What success looks like by timeline:
- 0-2 months: dosing adjustments; possible flares; learning triggers
- 3-6 months: urate at target; flares drop off
- 6-12 months: fewer/no flares; tophi start shrinking
- 12+ months: stable maintenance; annual checks
I’ve watched friends go from hobbling off the pitch to playing a full 90 again because they stuck with a treat‑to‑target plan. In my own house, less pain means better weekends with Cillian and Niamh. If gout keeps stealing your days, a steady allopurinol routine-tailored to your labs and life-can give them back.

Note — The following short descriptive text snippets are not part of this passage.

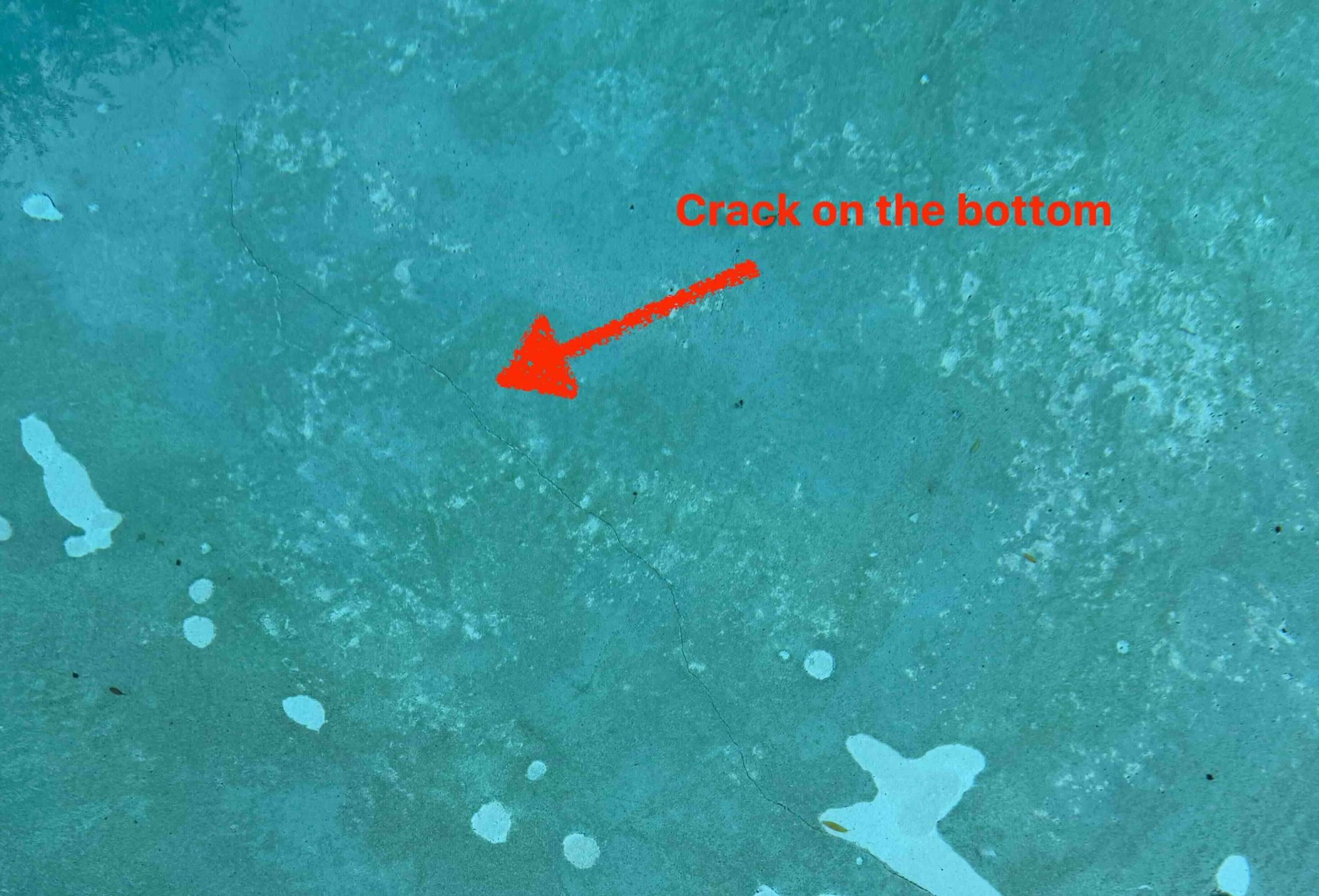 horizontal_crack_small.jpg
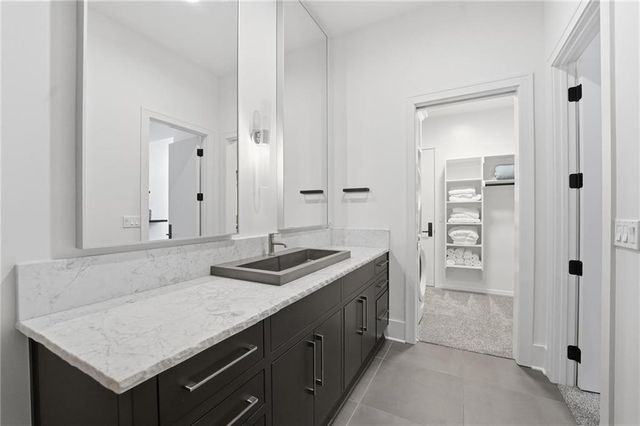 6949 Watson's Country Lane, Parkville, MO 64152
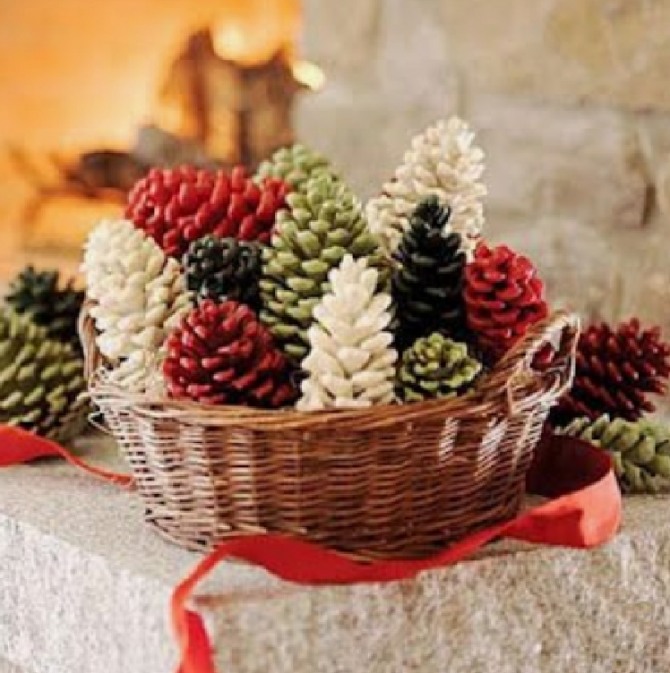 чем украсить новогодний и рождественский стол зимой - разноцветными шишками в плетеной корзине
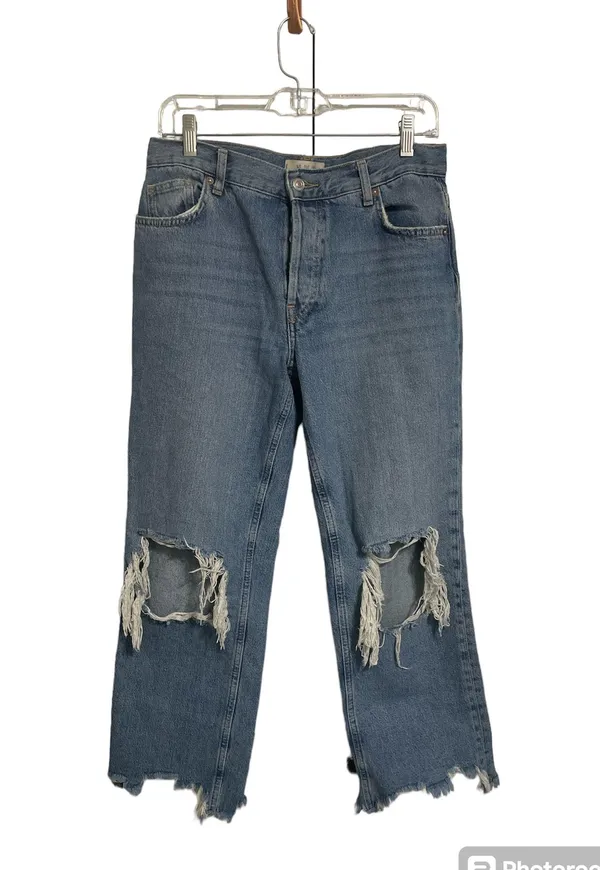 We The Free, free people distressed wide leg jeans. Size 28 rise buttons - Image 8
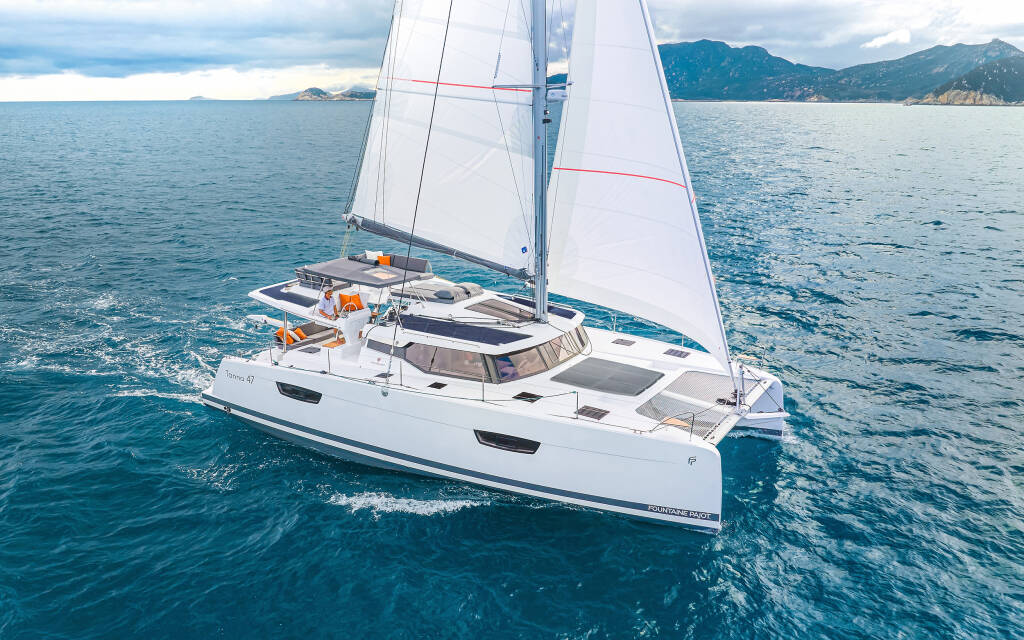 Fountaine Pajot Tanna 47 First Life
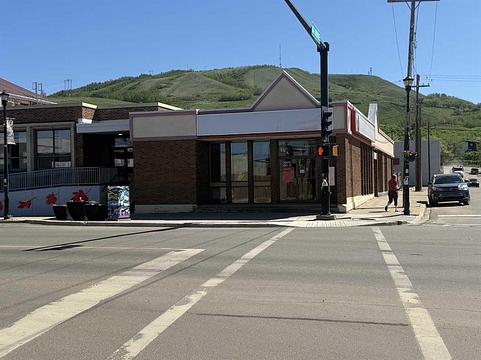 10037 100 Street, Peace River, AB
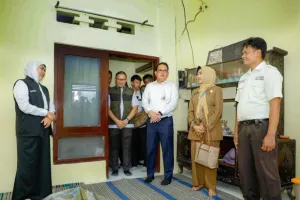 Mengabdi 19 Tahun, Penjaga Sekolah Ini Dapat Hadiah 'Bedah Rumah' dari Khofifah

Your next step: book a GP appointment, take the checklist, and ask for a treat‑to‑target plan with flare prophylaxis. If you’re not sure whether to start, bring your last urate result and your flare diary. A 10‑minute chat can set you up for a year with fewer flares.
Evidence notes: This guide reflects current practice from major bodies including the American College of Rheumatology (2020 guideline), European gout recommendations (updated consensus), British Society for Rheumatology guidance, and UK BNF dosing standards, plus safety advisories regarding HLA‑B*58:01 risk and febuxostat use in cardiovascular disease. Always personalise with your clinician.